In this video, I explain the risks of having concentrated company stock.
Why you shouldn’t hold too much company stock Transcript
Hi, this is Tom Lo from Vested Financial Planning. I’m here today to help you understand why you should care about having too much company stock. The reason you should care is because there’s a ton more risk and volatility in holding a single company stock versus a diversified portfolio.
A great example of this is the company Enron. It was an energy company in the late 90s, early 2000s. It was high-flying and dominating its industry. The stock climbed for years, all the way up to more than $90 a share by 2000. What happened was an accounting scandal broke and within months the stock had dropped to less than a dollar a share, so from more than 90 to less than a dollar. Unfortunately, there were many Enron employees who had almost all of their 401k and retirement in company stock. There were employees who were close to retirement, who lost hundreds of thousands of dollars because they all had it all in Enron.

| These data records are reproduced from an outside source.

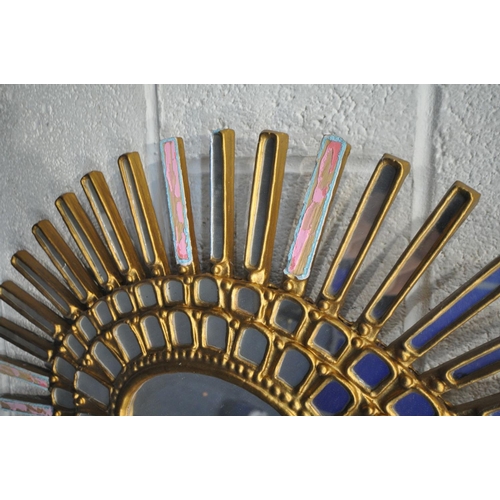 1659 - A GILT FRAMED SUNBURST WALL MIRROR (condition:-multiple loose mirror plates and loose gilding) an ov... 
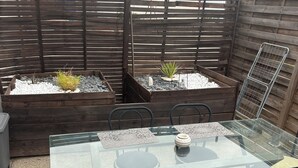 Eine Terrassengaststätte mit einem Tisch aus Glasplatte, schwarzen Stühlen und Holzpflanzgefäßen mit Pflanzen.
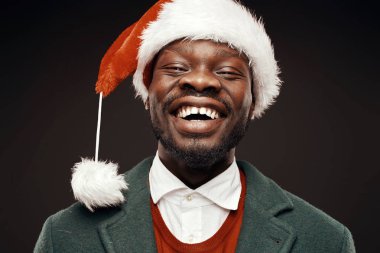 Modern Noel Baba. Yeşil ceket ve santa çantası ile kırmızı kazaklı adam elinde gülümseyerek. Atış, arka plan siyah stüdyo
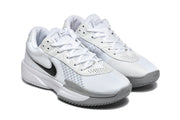 Angled view showing the white upper, black Swoosh details, and grey accents.
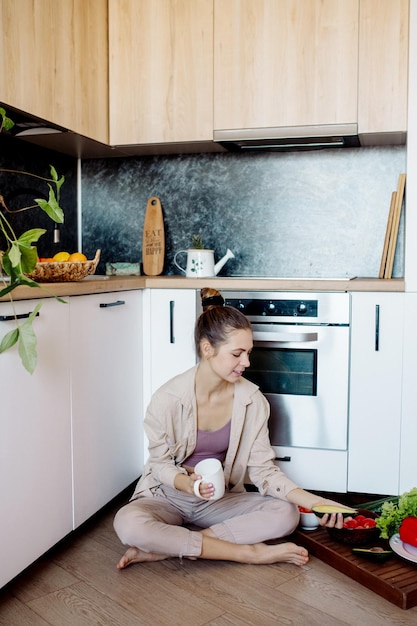 若い女性は台所で料理をし、家でピクニックをします屋内植物の検疫中にビーガン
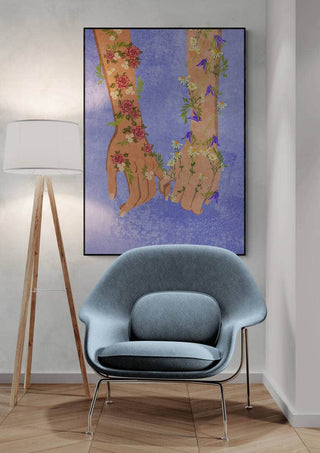 Framed artwork of two hands holding, adorned with floral patterns, displayed above a modern chair and lamp.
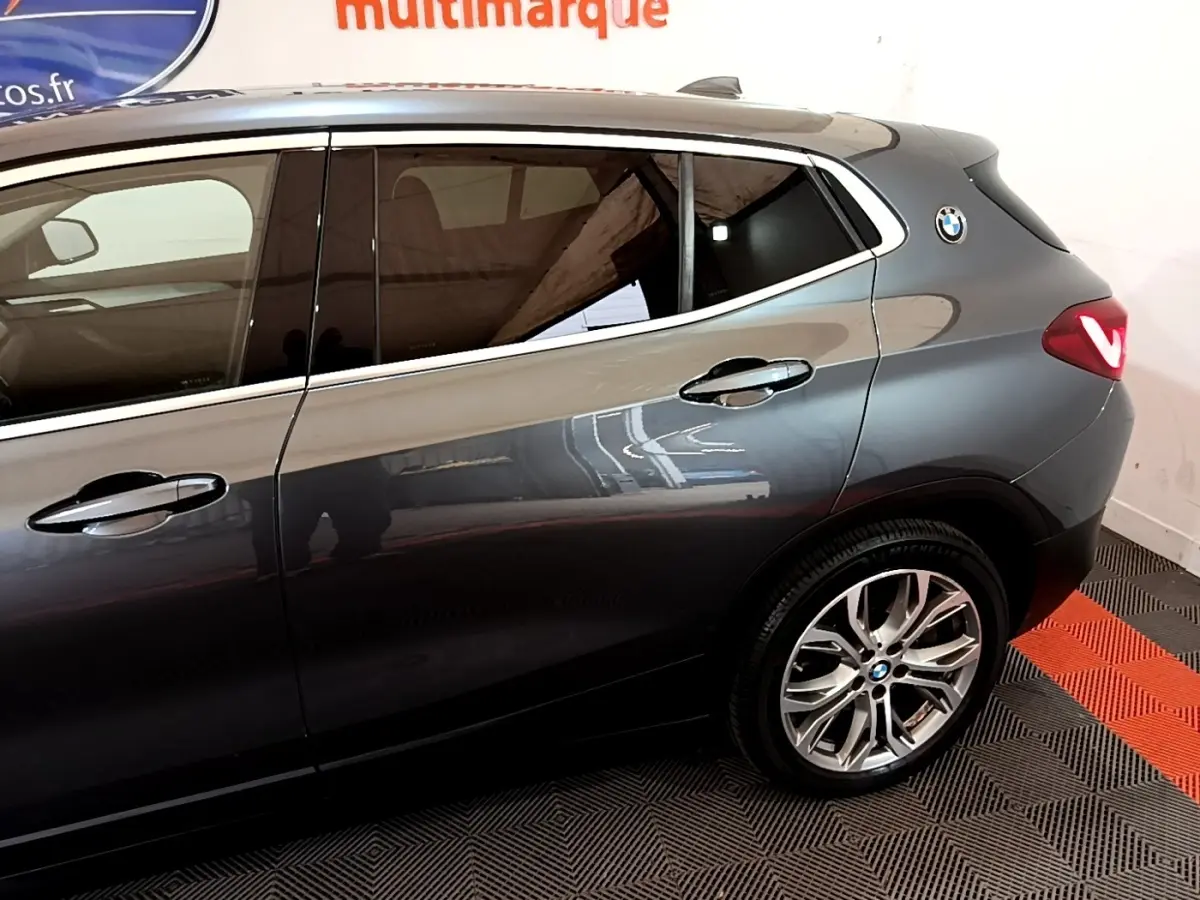 Vue latérale droite sur l'arrière d'un BMW X2 hybride rechargeable gris foncé avec jantes alliage et logo BMW sur l'aile arrière.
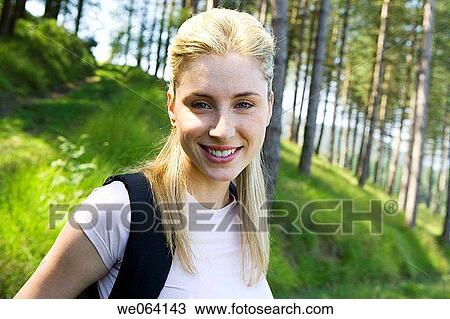 Stock Image - backpack, blond, contemporary. Fotosearch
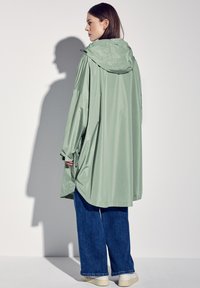 Jasnozielony, wodoodporny płaszcz przeciwdeszczowy z kapturem, zwężoną w talii i szerokimi rękawami. W zestawie z ciemnoniebieskimi spodniami o szerokich nogawkach i kremowymi butami.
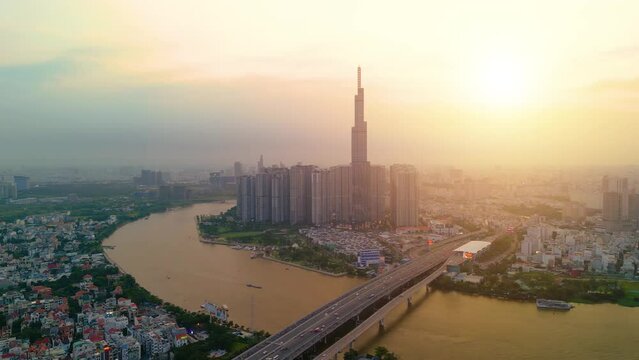 Aerial view of Landmark 81 skyscraper and Ho Chi Minh city skyline in sunset and moving traffic on street. Landscape and business concept
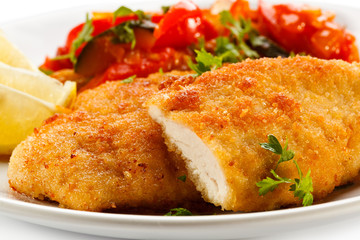 Fried chicken fillets and vegetables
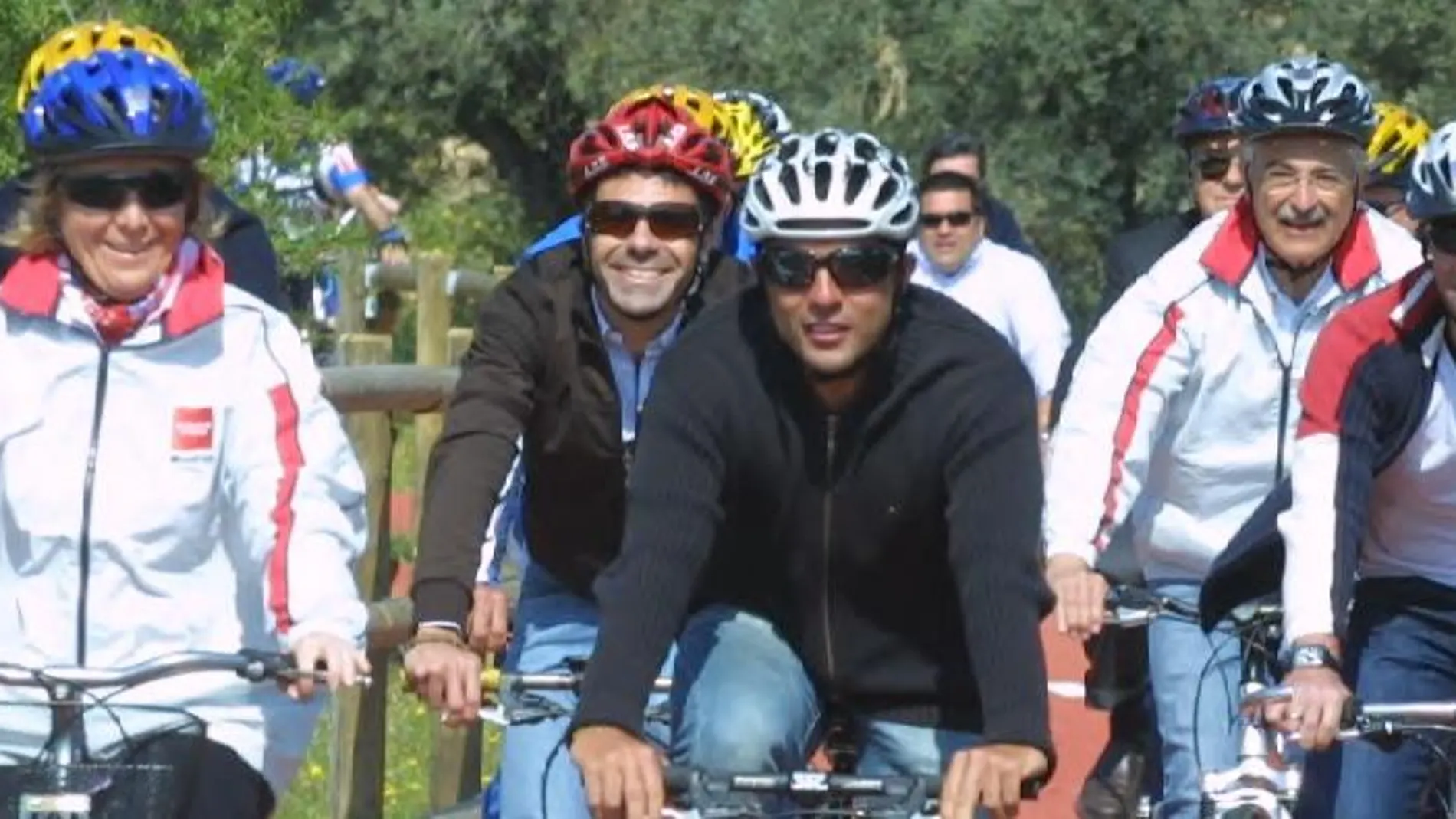 Ciclistas con cascos circulan por un carril-bici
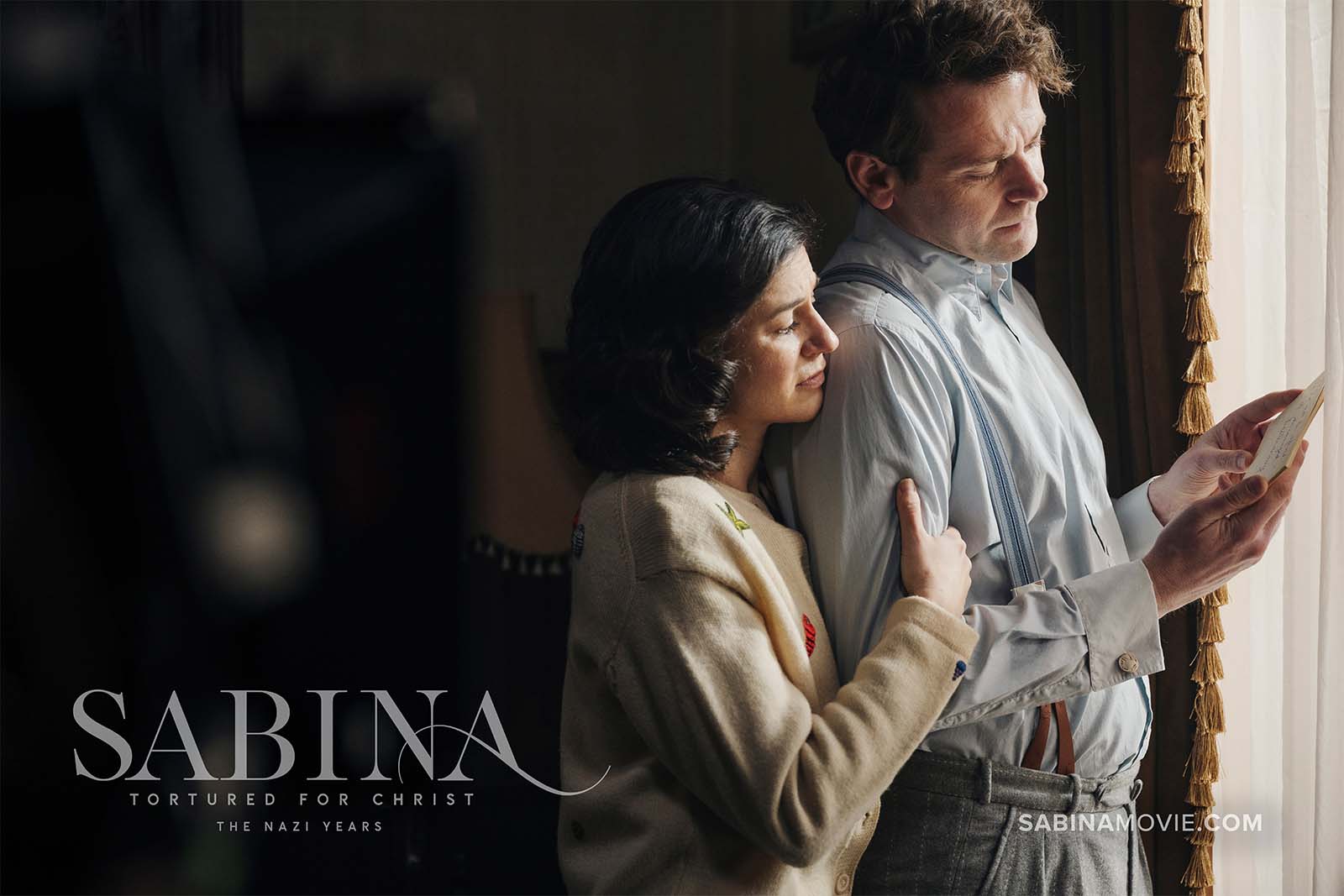 Sabina and Richard standing in front of window reading a document.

And so that is the risk you take when you have a lot in single company stocks. And that’s why you ought to think about diversifying if you are in that position.
I have some clients who come and say to me, well, I don’t think we’re going to have an accounting scandal and my response is, look, there are many things that you don’t have control over that could affect the business and the stock. So you just want to make sure that you are not too highly concentrated in a single company stock and if you are, figure out how to reduce that concentration.